◆ About this exercise:
The answer must consist solely of the lines below starting at the one containing "Baby Houten Hamer" and ending at the one containing "YX GIRL Drop", repeated exactly, with both ends included and all pictures omitted.

Data supplied section start

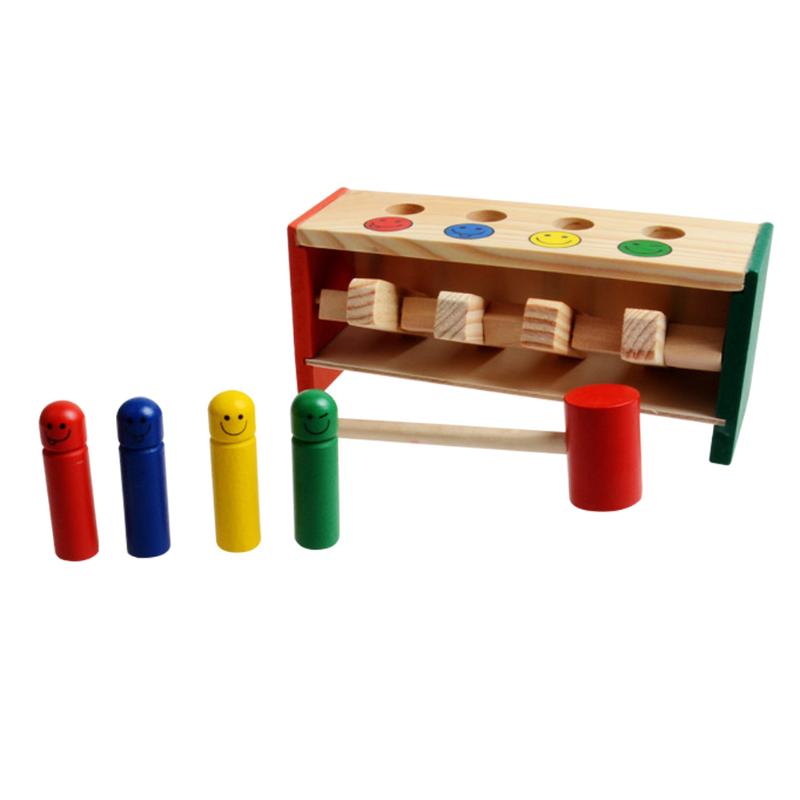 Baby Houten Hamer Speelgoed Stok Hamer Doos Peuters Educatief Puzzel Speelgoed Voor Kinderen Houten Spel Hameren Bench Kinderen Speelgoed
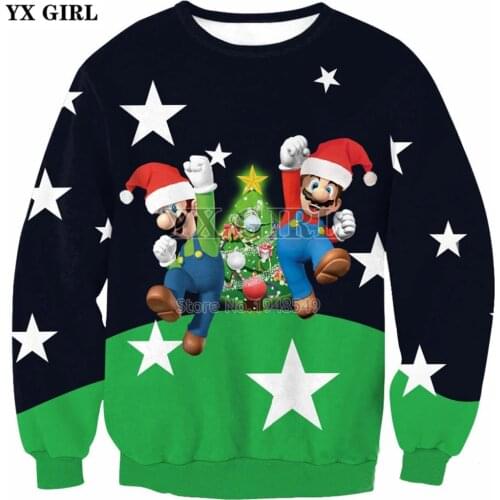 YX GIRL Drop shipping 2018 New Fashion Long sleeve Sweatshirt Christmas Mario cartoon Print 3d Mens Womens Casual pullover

Data supplied section end
Data supplied section start

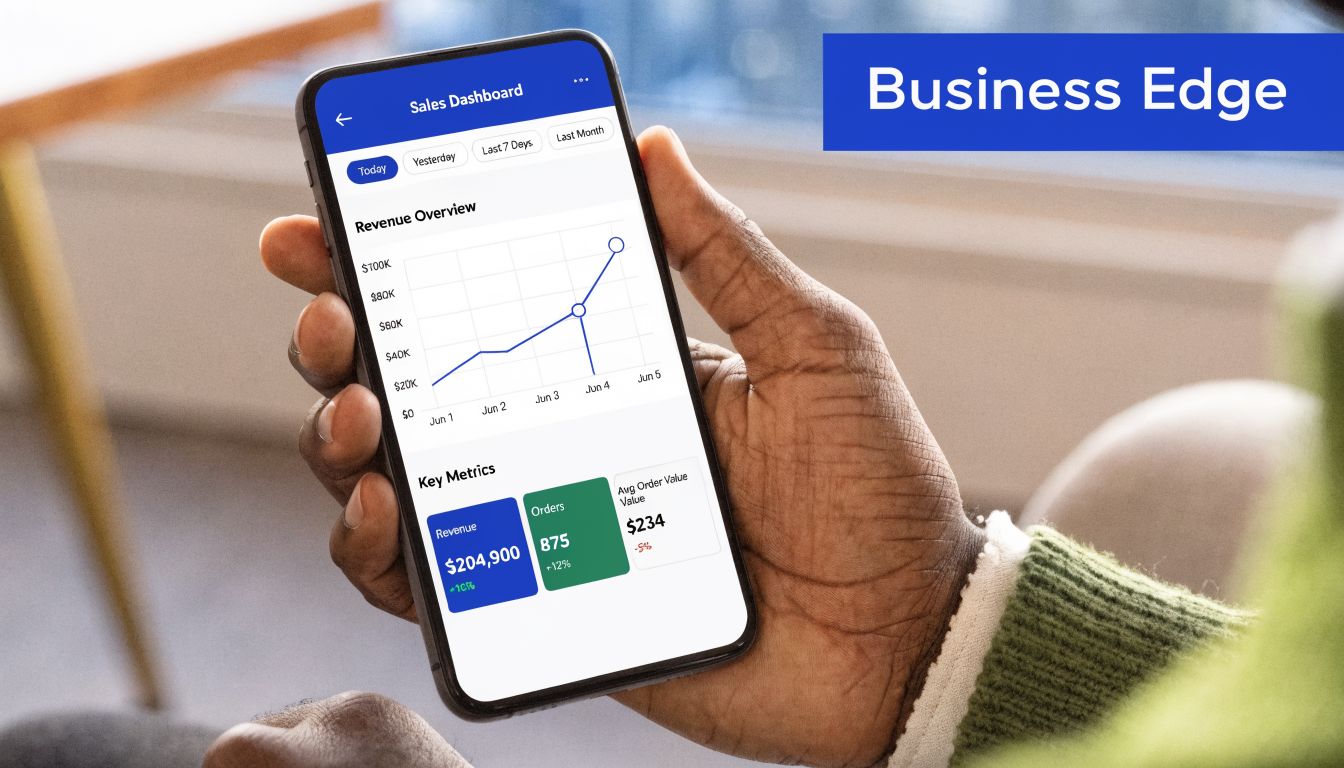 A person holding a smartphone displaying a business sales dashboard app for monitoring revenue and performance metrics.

Data supplied section end
Data supplied section start

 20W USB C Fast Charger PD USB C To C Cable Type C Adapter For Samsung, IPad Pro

Data supplied section end

◆ Worked solution:
 Baby Houten Hamer Speelgoed Stok Hamer Doos Peuters Educatief Puzzel Speelgoed Voor Kinderen Houten Spel Hameren Bench Kinderen Speelgoed
 YX GIRL Drop shipping 2018 New Fashion Long sleeve Sweatshirt Christmas Mario cartoon Print 3d Mens Womens Casual pullover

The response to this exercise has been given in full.